Dans son enquête ESI (Economic sentiment indicator), la Commission européenne relève que la proportion d’entreprises (22,8%) affirmant que les ruptures d’approvisionnement sont le principal facteur de limitation de la production n’a jamais été aussi élevé depuis que cet indicateur existe (1985). De plus en plus de secteurs sont touchés mais les plus affectés sont ceux où les ruptures sont les plus criantes: producteurs de caoutchouc et de plastiques, équipements électriques, automobile, bois et fabricants d’appareils électroniques et d’ordinateurs composent ce top 5. «Une tempête s’est abattue sur les marchés du bois, du plastique et des semi-conducteurs, qui est malheureuse mais illustre aussi combien ces marchés sont tendus», notent Bert Colijn, économiste zone euro, et Joanna Konings, économiste commerce international chez ING.
Approvisionnement en semi-conducteurs
Les ruptures dans l’approvisionnement de semi-conducteurs, qui ont paralysé certaines productions automobiles, sont les plus emblématiques. Les mesures de restrictions prises par les autorités taïwanaises pour freiner une nouvelle vague de coronavirus aggravent le problème.

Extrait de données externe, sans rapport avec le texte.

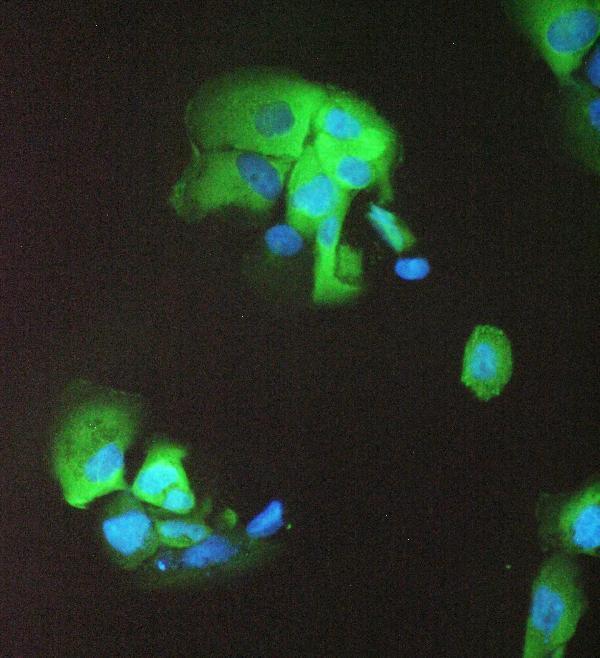  IF analysis of 14-3-3 sigma using anti-14-3-3 sigma antibody (A01127)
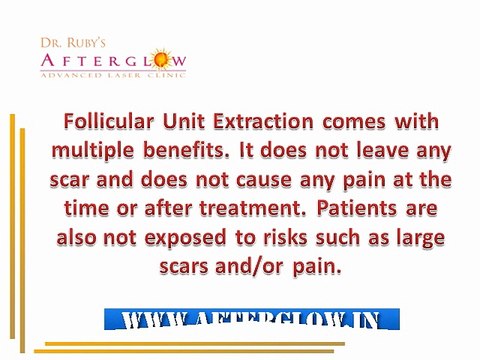 Understand the Advantages of FUE Hair Transplant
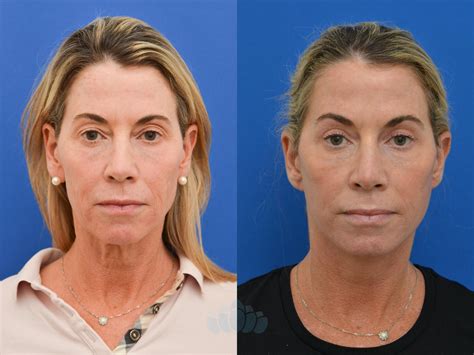 Eyelid Surgery Before and After Photo Gallery | Charlotte, NC | Dilworth Facial Plastic Surgery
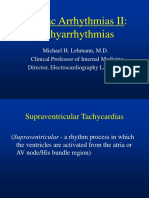 Cardiac Arrhythmias II: Tachyarrhythmias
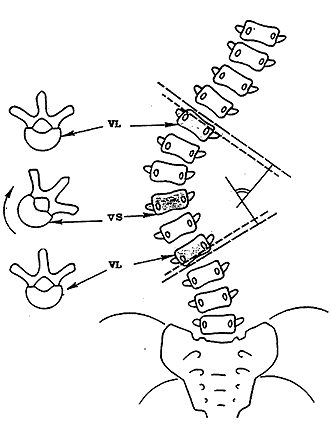 SCOLIOSE - HERNIE DISCALE - COMPRESSION MEDULLAIRE - MYELOPATHIE Scolio10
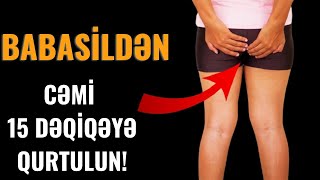 Babasili olanlar bu video sizin üçündür  Gecikdirmədən baxın [upl. by Egan]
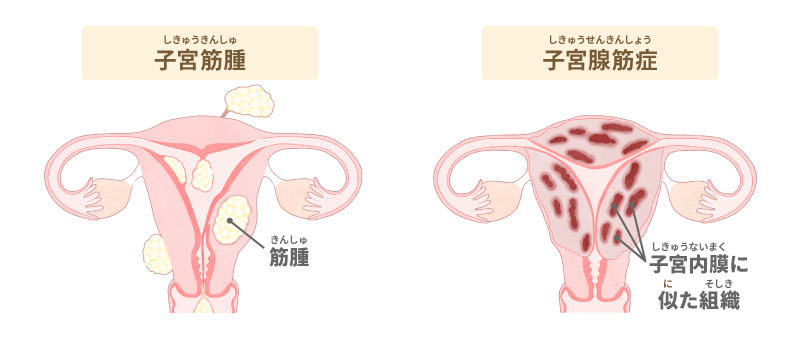 子宮筋腫や子宮腺筋症などの子宮の病気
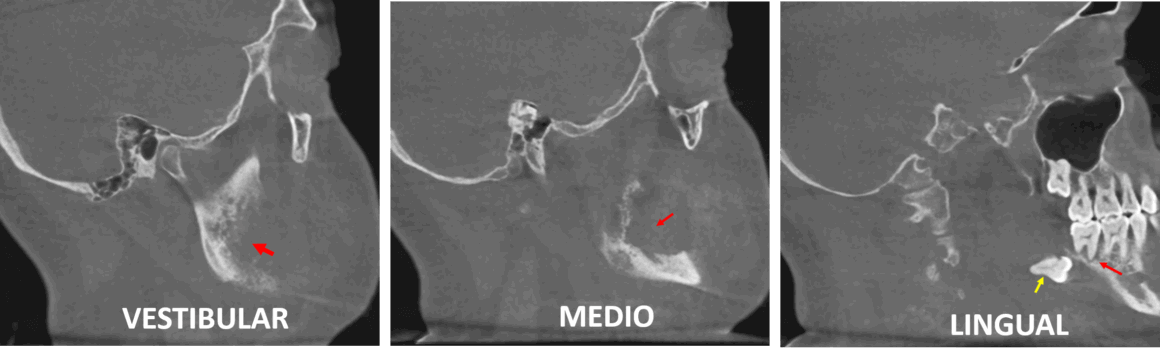 Osteomielitis mandibular asociada a una secuela quirúrgica evaluada por imagenología maxilofacial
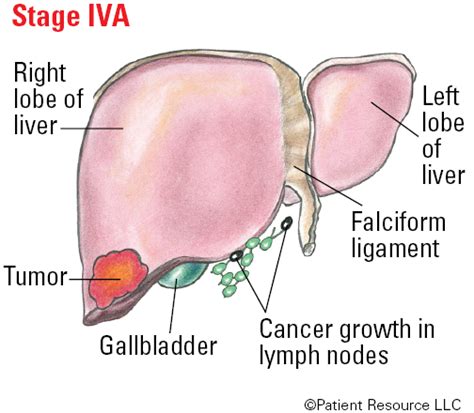 Liver Cancer Staging Systems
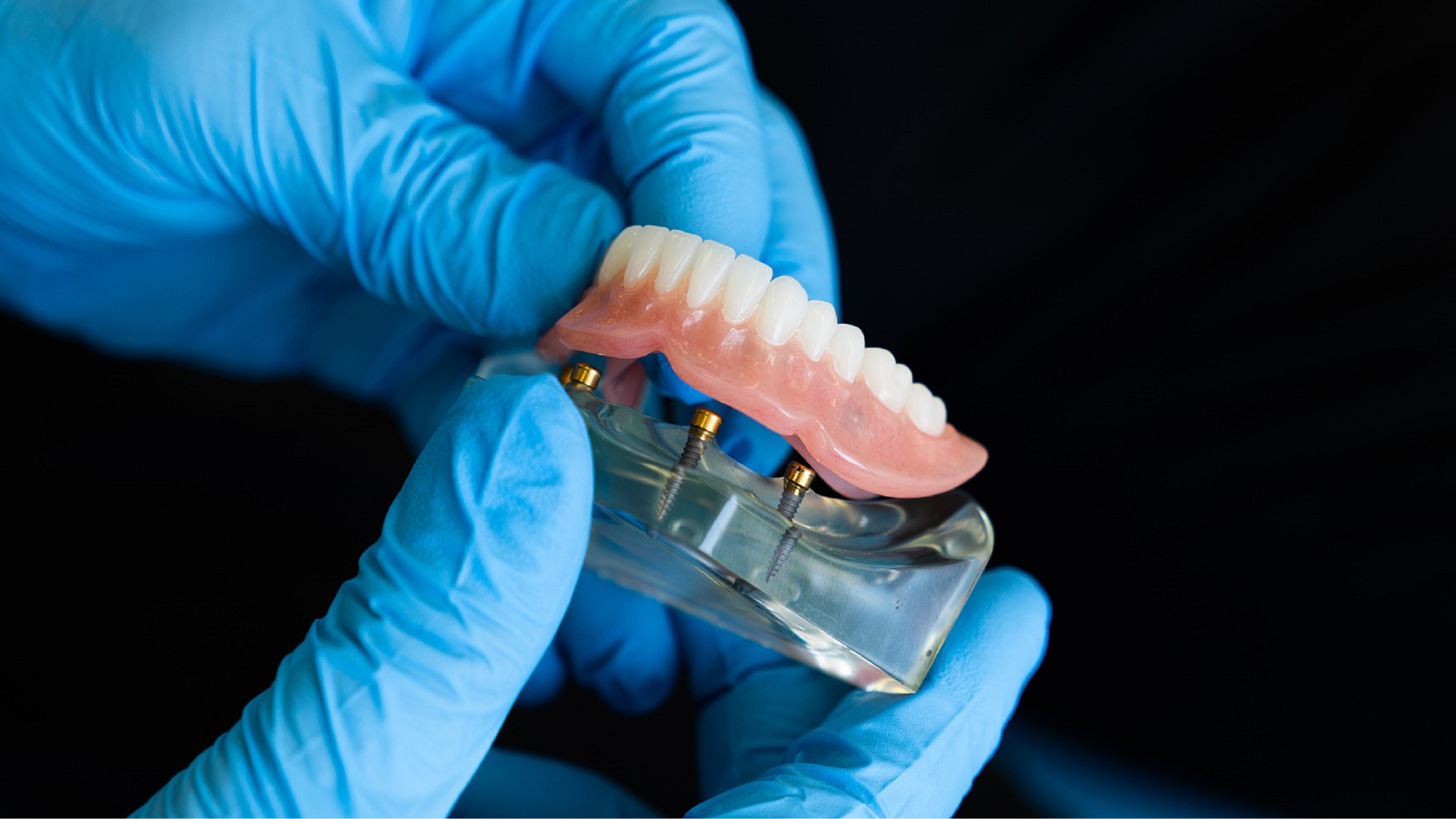Implant Overdenture & All-on-4s/All-on-6s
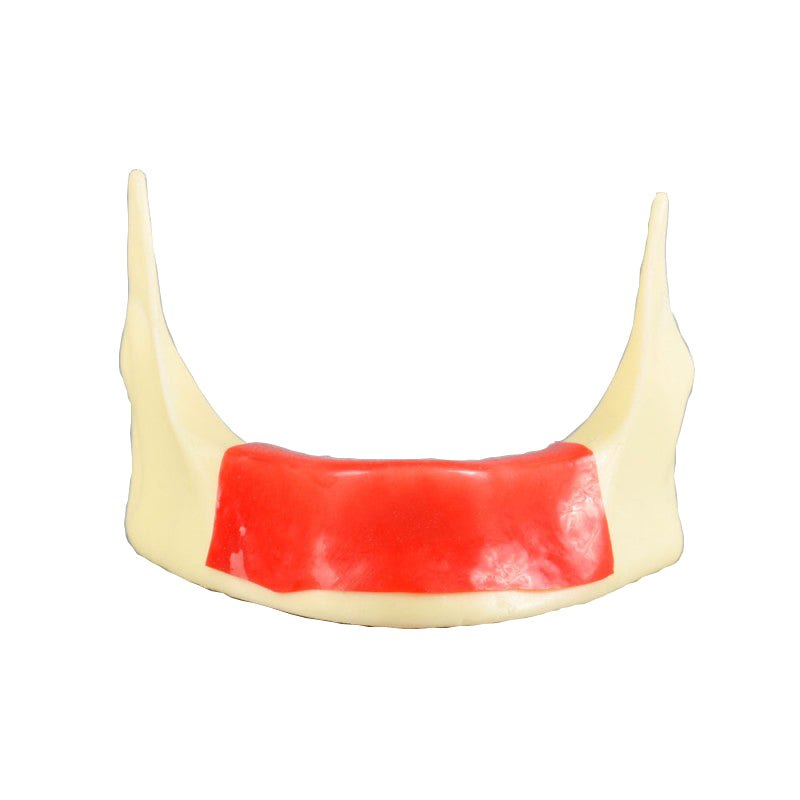 W2025 Implant Practice Model Made of Resin and Cancellous Bone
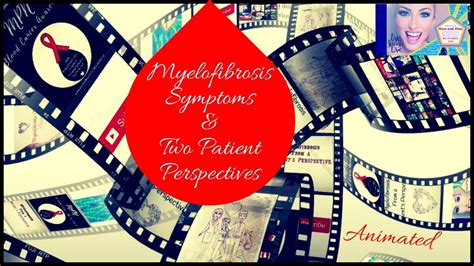 Myelofibrosis Symptoms & Two Patient Perspectives MPN - YouTube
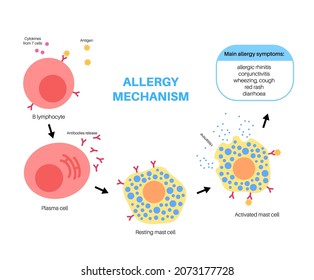 Allergy mechanism diagram. Allergic diseases concept. Immunoglobulin E antibodies in the human immune system. Binding to an allergen and to a receptor on mast cells medical flat vector illustration.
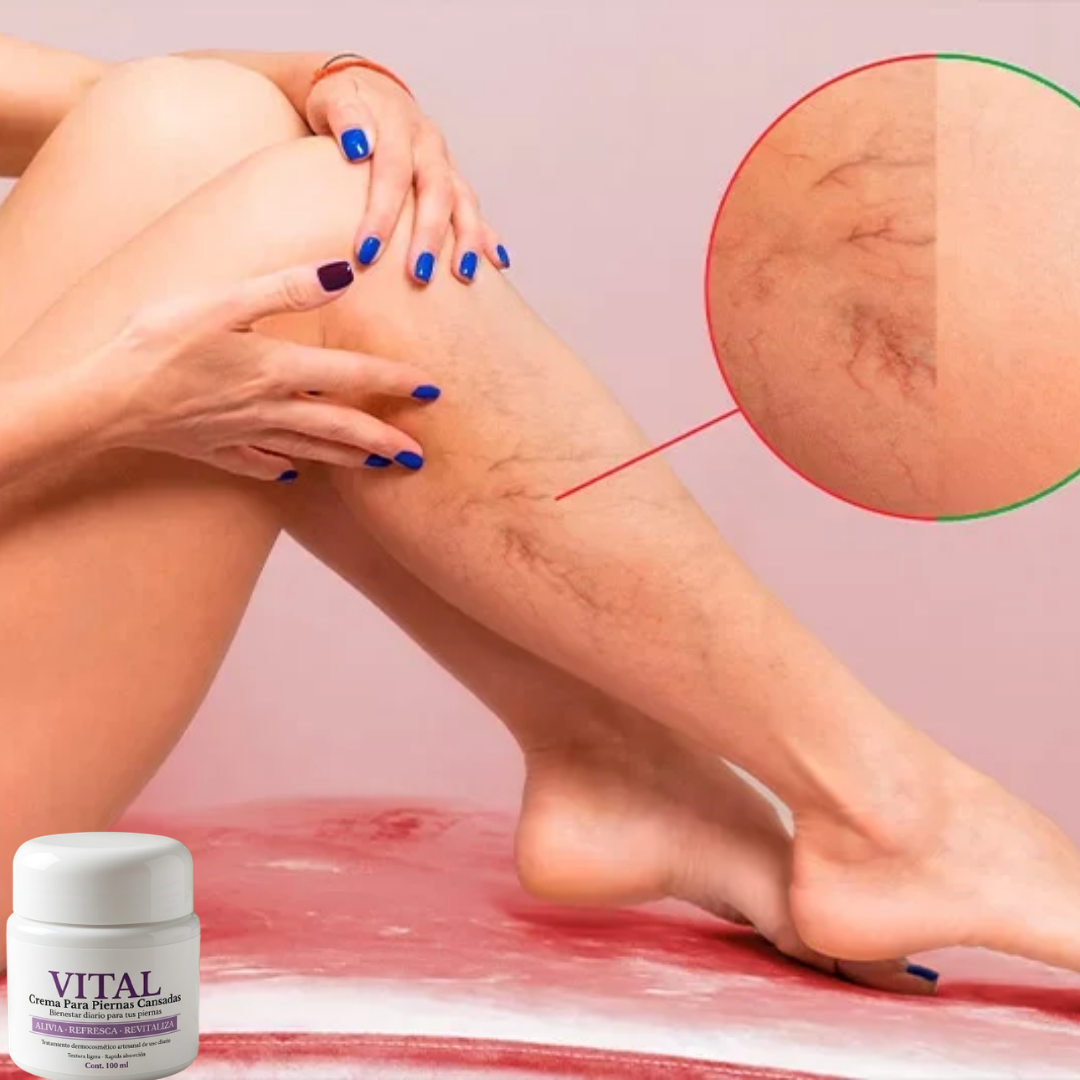 🦵 VITAL Crema para Piernas Cansadas ❄️
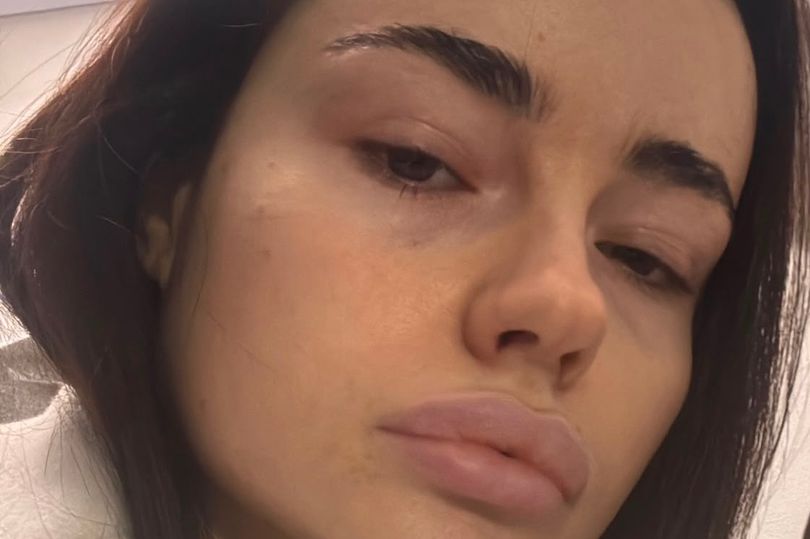 'I hate my £8k Love Island face transformation - family don't even recognise me'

Le pays, qui avait jusqu'à présent réussi à éviter une forte épidémie mais dont la stratégie vaccinale est quasi-inexistante, est le plus gros producteur mondial de semi-conducteurs. La découverte d’un cluster dans la plus grande unité du groupe King Yuan Electronics, qui teste et emballe les semi-conducteurs, l’obligeant à arrêter la production avant de la reprendre mais de façon limitée, complique encore la situation. Les perturbations risquent de durer.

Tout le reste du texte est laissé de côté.